Jacobs
Kevin Berryman will succeed long term veteran John Prosser as Jacobs Engineering CFO

Jacobs Engineering Group Inc. said on Nov. 23 that President and CEO Craig Martin will retire from the role and the firm, effective Dec. 26, for unspecified “health reasons.” The company declined to disclose further information. Jacobs named Chairman and former CEO Noel Watson as executive chairman until a permanent CEO is appointed. Martin, 65, has been CEO since 2006.

The firm also has named Kevin Berryman executive vice president and chief financial officer, effective on Jan. 5. He will succeed John Prosser, who will retire at year-end after 40 years with the firm. Berryman has been serving in similar roles since 2009 at International Flavors and Fragrances Inc., what Jacobs describes as a leading global creator of flavors and fragrances used in consumer products. He also is a 25-year corporate veteran of Nestlé, serving as CFO of its Nestlé Purina unit. Jacobs says Prosser was instrumental in Jacobs' growth from $112 million in annual revenue to more than $12 bilion.

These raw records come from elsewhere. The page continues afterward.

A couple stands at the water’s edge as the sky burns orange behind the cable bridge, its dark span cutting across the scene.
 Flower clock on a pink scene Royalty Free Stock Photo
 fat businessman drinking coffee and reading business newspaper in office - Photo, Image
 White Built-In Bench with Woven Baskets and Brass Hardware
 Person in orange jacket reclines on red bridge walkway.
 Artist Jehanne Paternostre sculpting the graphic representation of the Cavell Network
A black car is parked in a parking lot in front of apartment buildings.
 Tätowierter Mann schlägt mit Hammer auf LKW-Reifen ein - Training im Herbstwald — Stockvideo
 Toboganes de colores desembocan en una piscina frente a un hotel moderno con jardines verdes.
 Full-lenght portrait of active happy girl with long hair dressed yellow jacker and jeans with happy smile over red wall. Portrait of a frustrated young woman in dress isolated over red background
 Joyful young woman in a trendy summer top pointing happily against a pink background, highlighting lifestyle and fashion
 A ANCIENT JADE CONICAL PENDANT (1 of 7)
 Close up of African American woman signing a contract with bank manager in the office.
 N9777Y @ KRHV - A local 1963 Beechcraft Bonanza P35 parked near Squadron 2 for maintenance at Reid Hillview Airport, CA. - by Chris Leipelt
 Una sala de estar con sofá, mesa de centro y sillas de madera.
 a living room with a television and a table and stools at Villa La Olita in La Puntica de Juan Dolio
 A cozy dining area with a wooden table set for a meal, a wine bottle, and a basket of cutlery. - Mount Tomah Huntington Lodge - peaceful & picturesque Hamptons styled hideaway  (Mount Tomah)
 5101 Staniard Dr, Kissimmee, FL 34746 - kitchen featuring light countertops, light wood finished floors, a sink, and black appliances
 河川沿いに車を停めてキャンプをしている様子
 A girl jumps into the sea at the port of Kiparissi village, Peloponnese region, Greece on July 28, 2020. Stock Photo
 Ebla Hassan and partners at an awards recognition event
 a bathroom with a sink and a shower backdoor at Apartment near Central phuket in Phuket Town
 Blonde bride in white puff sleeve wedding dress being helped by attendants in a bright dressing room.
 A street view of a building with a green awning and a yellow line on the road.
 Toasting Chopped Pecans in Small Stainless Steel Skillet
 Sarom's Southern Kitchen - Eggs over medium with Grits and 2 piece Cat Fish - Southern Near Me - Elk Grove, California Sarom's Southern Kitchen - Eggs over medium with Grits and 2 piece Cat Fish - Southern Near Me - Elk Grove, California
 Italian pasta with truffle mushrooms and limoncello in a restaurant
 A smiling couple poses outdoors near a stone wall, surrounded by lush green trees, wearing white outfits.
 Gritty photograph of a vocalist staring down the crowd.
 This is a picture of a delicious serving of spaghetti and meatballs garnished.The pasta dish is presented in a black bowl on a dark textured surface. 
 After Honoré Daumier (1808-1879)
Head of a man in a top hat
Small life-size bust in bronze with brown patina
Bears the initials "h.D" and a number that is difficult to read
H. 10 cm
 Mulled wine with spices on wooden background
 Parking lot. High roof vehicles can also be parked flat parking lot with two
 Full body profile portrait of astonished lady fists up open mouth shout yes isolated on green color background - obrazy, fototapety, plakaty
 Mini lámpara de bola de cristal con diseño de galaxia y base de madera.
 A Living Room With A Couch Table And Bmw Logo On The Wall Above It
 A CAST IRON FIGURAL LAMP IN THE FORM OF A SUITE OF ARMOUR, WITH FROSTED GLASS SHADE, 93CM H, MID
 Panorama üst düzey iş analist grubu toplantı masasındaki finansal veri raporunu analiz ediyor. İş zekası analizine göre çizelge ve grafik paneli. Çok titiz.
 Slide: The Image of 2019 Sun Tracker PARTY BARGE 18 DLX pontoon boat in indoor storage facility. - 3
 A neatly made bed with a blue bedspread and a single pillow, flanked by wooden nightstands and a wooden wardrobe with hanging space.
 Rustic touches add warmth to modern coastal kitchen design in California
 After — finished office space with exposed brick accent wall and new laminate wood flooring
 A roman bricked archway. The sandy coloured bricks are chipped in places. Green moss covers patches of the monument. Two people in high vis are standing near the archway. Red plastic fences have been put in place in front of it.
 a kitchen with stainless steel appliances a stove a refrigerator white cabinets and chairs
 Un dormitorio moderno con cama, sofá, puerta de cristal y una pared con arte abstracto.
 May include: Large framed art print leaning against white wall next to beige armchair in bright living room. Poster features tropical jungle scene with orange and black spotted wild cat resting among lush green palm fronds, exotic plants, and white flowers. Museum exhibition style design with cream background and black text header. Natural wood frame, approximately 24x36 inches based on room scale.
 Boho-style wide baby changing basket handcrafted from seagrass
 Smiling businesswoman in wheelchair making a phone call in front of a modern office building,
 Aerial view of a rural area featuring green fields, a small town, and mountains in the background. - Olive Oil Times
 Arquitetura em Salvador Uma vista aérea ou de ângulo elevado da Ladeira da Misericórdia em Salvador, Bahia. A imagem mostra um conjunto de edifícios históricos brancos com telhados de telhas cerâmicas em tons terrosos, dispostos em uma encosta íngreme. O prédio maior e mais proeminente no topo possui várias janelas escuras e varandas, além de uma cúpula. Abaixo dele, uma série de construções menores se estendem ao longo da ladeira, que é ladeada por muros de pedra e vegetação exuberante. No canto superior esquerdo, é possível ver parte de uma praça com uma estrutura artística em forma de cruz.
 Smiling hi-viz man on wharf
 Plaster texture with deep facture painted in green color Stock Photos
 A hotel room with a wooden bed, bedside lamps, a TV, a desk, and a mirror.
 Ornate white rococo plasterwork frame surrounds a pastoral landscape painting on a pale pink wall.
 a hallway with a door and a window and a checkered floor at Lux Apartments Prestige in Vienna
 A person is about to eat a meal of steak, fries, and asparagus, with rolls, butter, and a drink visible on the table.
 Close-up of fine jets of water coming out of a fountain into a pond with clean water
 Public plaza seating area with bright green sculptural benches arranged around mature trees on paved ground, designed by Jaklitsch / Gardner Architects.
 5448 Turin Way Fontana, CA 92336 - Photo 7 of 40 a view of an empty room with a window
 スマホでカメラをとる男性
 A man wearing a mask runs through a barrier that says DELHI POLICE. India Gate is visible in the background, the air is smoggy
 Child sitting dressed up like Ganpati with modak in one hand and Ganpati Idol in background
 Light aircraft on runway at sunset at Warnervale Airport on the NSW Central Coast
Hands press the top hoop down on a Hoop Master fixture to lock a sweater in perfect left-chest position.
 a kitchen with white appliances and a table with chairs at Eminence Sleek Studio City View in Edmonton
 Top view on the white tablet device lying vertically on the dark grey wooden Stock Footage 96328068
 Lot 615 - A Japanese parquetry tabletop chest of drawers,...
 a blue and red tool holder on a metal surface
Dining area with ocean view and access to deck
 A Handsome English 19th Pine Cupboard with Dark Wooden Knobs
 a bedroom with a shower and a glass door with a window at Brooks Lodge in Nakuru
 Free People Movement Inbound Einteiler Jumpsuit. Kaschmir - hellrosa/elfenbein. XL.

Duncan Magrath, chief financial officer of UK-based contractor Balfour Beatty, will leave the firm next year, as soon as a successor is named, the firm announced earlier this month. The announcement follows the firm's naming last month of Leo Quinn as CEO, effective in January. Magrath was in the role for the last six years, including the issuance of five profit warnings for the firm in the last two and the sale of US unit Parsons Brinckerhoff to WSP Global for $1.2 billion. In a statement, the company said he "will be seeking new career challenges."

Kelly
With the Oct. 31 completion of its acquisition of New York City-based Parsons Brinckerhoff, WSP Global Inc., Montreal, noted new management changes in the combined $4.8-billion, 31,500-person firm that will take effect on Jan. 1. Greg Kelly, currently PB’s chief operating officer, will become president and CEO of the combined business in the U.S., South America and the Caribbean. John Murphy, PB’s chief financial officer, will be president and CEO for Europe to include the UK, Middle East, India and Africa. He will be based in London. Guy Templeton, PB president and COO for Asia Pacific, will become president and CEO of the firms’ combined Asia Pacific region, still based in Sydney, Australia. George Pierson, PB's chief executive and now executive
Murphy
board director of the new corporation, is set to leave the firm at year-end and will transition to a non-executive director position. David McAlister, PB director of global corporate development, will become global director of Infrastructure in the combined firm. 

The company says it will announce a new role in the expanded company for David Cooper, who has been WSP CEO in the U.S. Also, Richard Rome has joined the firm in an undisclosed building leadership role, says WSP, following its Nov. 6 acquisition of Houston-based design firm ccrd. He had been a principal at that company, which specializes in MEP systems engineering. Remaining in their WSP roles for the combined firm are Ali Ettehadieh, managing director of South America and the Caribbean; Magnus Meyer, in that role for the Nordics; Petr Bilek, COO of Central Europe; and Tom Smith, global director of property and buildings.

Martin Pedley has been named a managing director of Skanska AB in Stockholm. He had been managing director of the global contractor's London-based piling and ground engineering business in the UK called Cementation Skanska. Succeeding him in the role is Cameron Foley who returns to the firm after seven years in other Skanska units. Skanska UK says it plans to recruit more than 1,500 employees over the next two to three years to complete major projects.

J. Joseph Tyler, formerly senior vice president at consultant Versar Inc., has joined Dawson & Associates, a Washington, D.C., federal-sector advocacy consulting firm, as a senior adviser. Previously, he was U.S. Army Corps of Engineers director of military programs.

RECOGNITION

Katepalli R. Sreenivasan, New York University executive vice provost and dean of engineering, has been elected into the Indian National Academy of Engineering as a Foreign Fellow, in recognition of his accomplishments in engineering and technology. The honor is a rare one for someone residing outside India, says the school. The academy, established in 1987, is made up of India'’s most distinguished engineers, engineer-scientists, and technologists. Sreenivasan is  Eugene Kleiner Professor for Innovation in Mechanical Engineering at NYU and also teaches math and physics.

OBITUARY

Khoury
Said Khoury, a founder and former chairman of Athens-based global contractor Consolidated Contractors Group, which became one of the Middle East's largest construction firms, died on Oct. 15. He was 91. Khoury, a Palestinian by birth, founded CCG in Lebanon in1952, but relocated it to London and then to its current base in the 1980s to escape Lebanon's civil war. The contractor ranks at No. 63 on ENR's list of the Top 250 Global Contractors and at No. 24 on the list of Top 250 International Contractors, with $5.3 billion in 2013 revenue, all outside Greece. It works in about 40 countries. About 55% of its revenue is in the petrochemical sector. Khoury, who is said to have a net worth of more than $7 billion, also was a global philanthropist, particularly to Palestinian-related causes.